Вот этот Сергей тоже учился в этом училище. Только он не был токарем, а учился на слесаря-лекальщика. Кто это такой я узнал уже намного позже.
Такая же гимнастёрочка как и у Тофика и такие же башмаки, а вот пояс у него был... до сих пор помню и даже завидую ему ремесленику того времени.
Сам-то пояс был тот же, а вот вместо бляхи была пряжка. Пряжка необыкновенная, она была в виде сердца. Сердце делилось на две части и для того, чтоб запереть его, надо было соединить эти части и проткнуть кинжалом, который висел на цепочке, прикреплённый к бляхе. Это было чудо-чудесное.

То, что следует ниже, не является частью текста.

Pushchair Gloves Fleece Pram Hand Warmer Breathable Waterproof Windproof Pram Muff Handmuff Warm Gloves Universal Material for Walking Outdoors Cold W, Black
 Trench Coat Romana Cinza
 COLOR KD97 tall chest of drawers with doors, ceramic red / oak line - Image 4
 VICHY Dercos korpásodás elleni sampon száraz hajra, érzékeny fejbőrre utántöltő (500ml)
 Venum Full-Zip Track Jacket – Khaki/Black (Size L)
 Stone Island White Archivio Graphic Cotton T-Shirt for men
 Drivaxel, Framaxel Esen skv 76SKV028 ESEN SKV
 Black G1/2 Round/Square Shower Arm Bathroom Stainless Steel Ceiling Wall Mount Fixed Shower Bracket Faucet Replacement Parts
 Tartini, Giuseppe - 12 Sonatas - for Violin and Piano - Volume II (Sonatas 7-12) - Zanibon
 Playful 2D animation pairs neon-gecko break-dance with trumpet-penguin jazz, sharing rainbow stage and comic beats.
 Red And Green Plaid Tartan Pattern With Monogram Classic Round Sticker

Когда Сергей проходил практику, работая на токарном станке, то принёс мне выточенную им «фурфуру». Волчёк другими словами. И соседские мальчишки всегда завидовали этому моему богатству. А я так и не научился гонять эту «фурфуру», как гоняли они. В итоге, она перешла во владения кому-то другому. Поменялись.
Вот и всё что вспомнилось о соседях моих - Тофике, Сергее и, самое главное, о «купалке», «ремеслухе» и МУКах. Так и остались они у меня как близницы, одной пуповиной связанные.
P.S. В последний раз был я в старом здании "ремеслухи" в семидесятом. Здание потрескавшиеся, и в него было страшно заходить. «Ремеслуха» переехала в двухэтажку около «Интуриста». Позже туда переехал военкомат. Вот оно как всё переплелось и соседи и дома.